Les législatives 2024 ont fait une première victime dans l’Enseignement : le proviseur du lycée d’Alokoègbe, un collège-lycée du Zio, est démis de ses fonctions pour avoir parlé du délitement de son établissement, malgré l’autorisation tacite de sa hiérarchie.
«Il est mis fin aux fonctions de proviseur de Monsieur Agbenane Kokou Séka, professeur d’Enseignement général, classe exceptionnelle, 4ème échelon, en service au Lycée d’Alokoégbè (DRE-M)», indique le ministre Dodzi Kokoroko dans un arrêté en date du 3 mai. M. Agbenane Kokou Séka, qui enseigne depuis 18 ans, garde néanmoins sa fonction de simple enseignant.
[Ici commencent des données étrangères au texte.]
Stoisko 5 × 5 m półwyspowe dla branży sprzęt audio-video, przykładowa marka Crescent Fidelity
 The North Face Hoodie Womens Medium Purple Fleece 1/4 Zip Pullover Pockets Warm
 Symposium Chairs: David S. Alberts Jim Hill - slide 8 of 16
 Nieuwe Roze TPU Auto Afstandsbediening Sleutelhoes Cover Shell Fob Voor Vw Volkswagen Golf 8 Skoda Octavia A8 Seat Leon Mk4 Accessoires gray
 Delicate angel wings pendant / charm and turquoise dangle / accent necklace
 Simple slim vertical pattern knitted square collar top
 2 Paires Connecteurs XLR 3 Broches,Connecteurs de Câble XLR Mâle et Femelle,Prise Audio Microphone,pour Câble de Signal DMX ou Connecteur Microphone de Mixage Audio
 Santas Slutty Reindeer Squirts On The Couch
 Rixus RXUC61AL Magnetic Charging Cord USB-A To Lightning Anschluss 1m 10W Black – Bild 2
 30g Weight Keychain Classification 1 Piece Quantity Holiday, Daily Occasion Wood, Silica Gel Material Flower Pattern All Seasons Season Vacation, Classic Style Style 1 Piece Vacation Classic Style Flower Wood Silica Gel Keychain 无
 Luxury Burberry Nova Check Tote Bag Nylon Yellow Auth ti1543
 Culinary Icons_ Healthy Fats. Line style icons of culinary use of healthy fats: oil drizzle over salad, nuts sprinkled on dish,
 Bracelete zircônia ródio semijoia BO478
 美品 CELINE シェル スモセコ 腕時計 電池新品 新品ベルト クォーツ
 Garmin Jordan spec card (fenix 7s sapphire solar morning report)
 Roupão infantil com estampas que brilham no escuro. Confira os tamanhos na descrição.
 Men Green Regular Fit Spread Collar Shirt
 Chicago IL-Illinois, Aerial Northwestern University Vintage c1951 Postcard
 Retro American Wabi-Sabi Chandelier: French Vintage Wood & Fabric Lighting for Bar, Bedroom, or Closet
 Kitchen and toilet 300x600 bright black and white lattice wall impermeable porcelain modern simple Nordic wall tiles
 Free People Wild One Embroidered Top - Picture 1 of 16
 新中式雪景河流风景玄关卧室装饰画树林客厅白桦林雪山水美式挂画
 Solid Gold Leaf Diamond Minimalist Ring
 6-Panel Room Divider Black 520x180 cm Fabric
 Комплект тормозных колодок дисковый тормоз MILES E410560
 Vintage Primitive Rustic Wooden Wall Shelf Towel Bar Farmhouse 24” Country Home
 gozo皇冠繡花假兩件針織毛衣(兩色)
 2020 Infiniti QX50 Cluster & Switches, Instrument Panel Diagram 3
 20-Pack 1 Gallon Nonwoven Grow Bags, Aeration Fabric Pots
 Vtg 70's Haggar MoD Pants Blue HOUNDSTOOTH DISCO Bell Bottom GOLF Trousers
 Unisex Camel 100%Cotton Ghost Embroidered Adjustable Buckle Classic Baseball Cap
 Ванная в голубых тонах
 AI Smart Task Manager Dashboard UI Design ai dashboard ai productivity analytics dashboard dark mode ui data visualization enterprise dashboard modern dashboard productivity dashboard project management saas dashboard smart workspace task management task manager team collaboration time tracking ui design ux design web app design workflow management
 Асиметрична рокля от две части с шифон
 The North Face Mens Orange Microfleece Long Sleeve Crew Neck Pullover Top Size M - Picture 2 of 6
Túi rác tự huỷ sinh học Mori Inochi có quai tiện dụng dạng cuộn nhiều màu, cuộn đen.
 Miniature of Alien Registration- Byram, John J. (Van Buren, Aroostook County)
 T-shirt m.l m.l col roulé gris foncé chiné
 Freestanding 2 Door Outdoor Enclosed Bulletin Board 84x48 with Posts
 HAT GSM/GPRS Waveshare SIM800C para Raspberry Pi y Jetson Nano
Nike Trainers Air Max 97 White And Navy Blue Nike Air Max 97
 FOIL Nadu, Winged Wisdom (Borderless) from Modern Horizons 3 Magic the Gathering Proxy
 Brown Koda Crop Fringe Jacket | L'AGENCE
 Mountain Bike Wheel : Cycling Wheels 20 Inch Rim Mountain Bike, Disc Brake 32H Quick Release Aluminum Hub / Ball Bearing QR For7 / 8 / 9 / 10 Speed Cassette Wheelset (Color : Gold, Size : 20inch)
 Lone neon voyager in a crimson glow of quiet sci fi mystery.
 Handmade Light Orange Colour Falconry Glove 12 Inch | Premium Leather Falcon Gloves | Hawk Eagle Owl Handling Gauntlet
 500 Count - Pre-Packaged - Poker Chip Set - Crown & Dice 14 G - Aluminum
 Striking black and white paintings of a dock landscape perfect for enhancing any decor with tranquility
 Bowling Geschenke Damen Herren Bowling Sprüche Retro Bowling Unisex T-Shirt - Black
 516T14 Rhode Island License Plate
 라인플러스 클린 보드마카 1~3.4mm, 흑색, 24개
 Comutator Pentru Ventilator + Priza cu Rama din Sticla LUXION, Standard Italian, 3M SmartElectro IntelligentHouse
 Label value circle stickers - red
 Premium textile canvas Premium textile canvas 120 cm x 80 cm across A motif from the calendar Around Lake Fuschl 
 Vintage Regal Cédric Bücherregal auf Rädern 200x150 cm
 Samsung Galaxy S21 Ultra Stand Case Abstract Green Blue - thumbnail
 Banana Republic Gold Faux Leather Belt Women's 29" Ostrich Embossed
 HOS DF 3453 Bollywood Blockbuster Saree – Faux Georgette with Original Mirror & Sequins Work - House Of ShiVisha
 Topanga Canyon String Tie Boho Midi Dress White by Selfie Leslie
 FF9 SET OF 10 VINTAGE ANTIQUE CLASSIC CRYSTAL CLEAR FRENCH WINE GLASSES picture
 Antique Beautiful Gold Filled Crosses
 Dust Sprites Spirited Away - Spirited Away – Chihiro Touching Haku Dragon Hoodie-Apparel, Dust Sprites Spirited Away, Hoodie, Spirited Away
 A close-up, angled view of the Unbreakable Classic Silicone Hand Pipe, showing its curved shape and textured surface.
Un reportage de la chaîne de télé française TV5 Afrique est la cause de cette dégradation administrative du proviseur. Dans ce document de 1min 17, le professeur évoque la situation infrastructurelle catastrophique de son établissement. Ce collège construit par les populations d’Alokoégbé est en délabrement, certains murs menacent de tomber. Malgré les appels incessants de l’école à la tutelle publique, la situation demeure étale. Ni la Direction régionale de l’enseignement, ni l’inspection ne se sont préoccupées du sort du collège.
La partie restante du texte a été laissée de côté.